** Your goal **
The result should be the listing below, restated exactly, with its pictures left out.

** Information provided **
===============

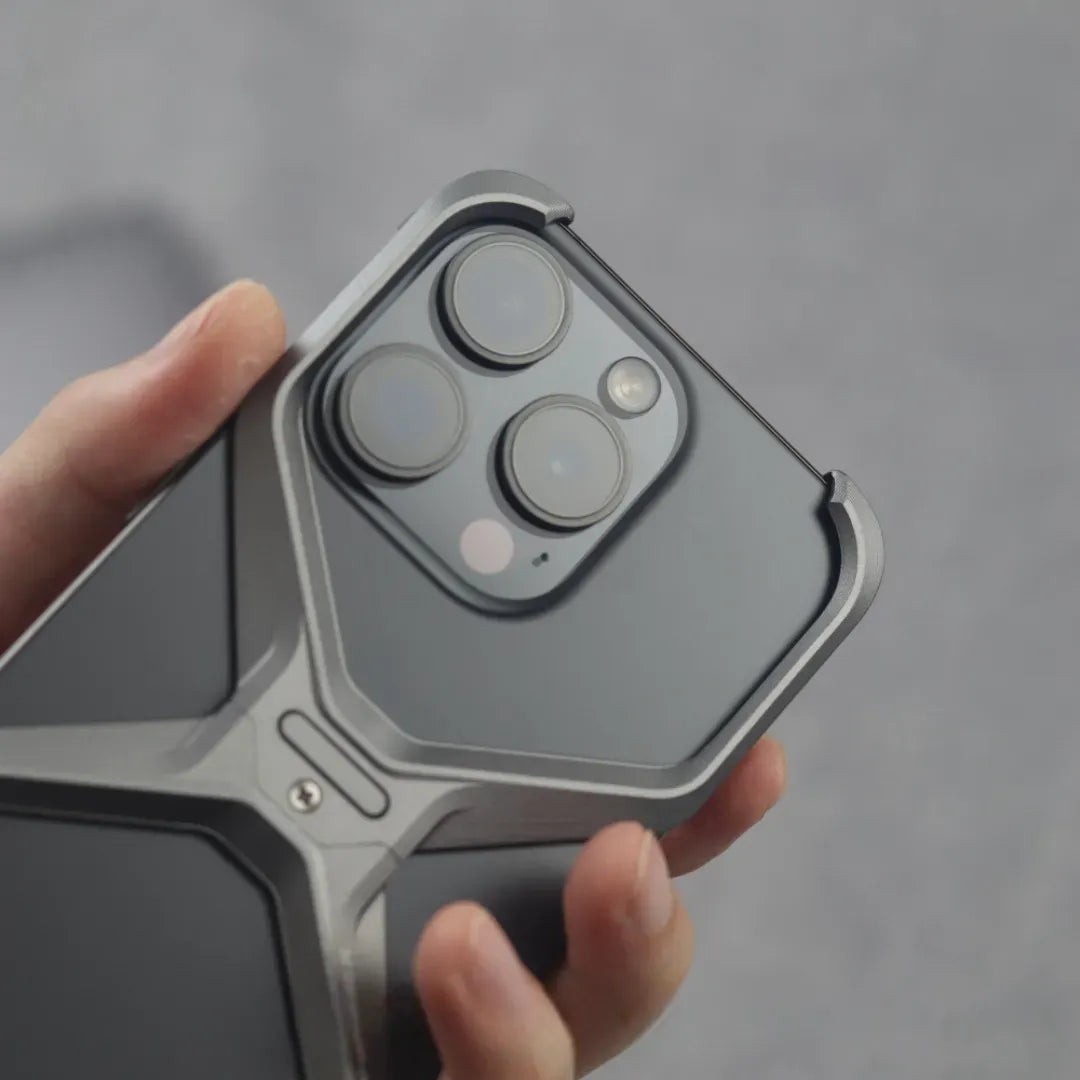 Capa para iPhone em Alumínio Reforçado - Proteção Durável e Estilo Moderno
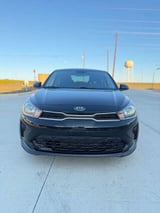 2021 Kia Rio - Preview 3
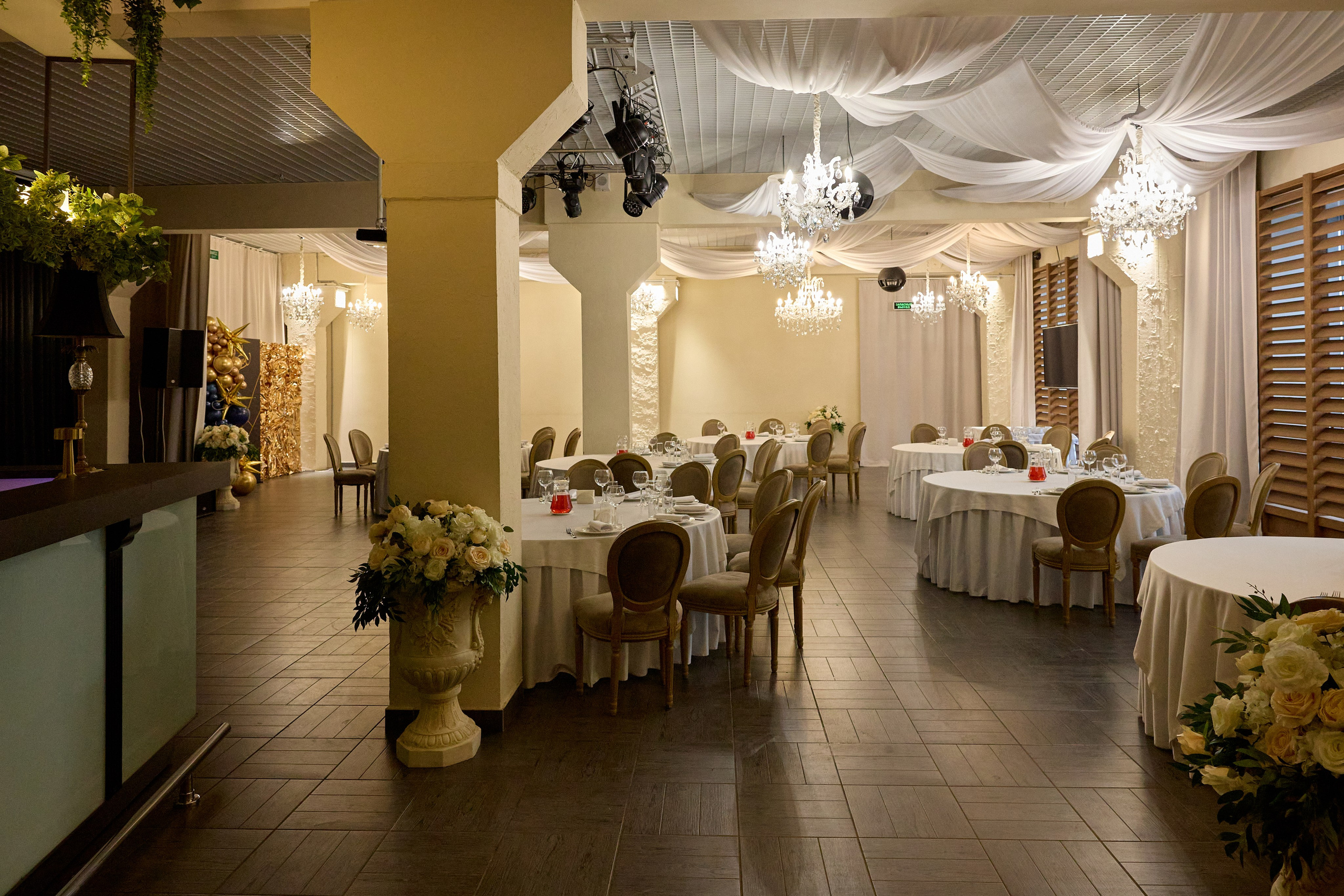 Кафе «Кин-Дза-Дза». Предметный и репортажный фотограф Алексей Кротов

===============

** Solution to this task **
 Capa para iPhone em Alumínio Reforçado - Proteção Durável e Estilo Moderno
 2021 Kia Rio - Preview 3
 Кафе «Кин-Дза-Дза». Предметный и репортажный фотограф Алексей Кротов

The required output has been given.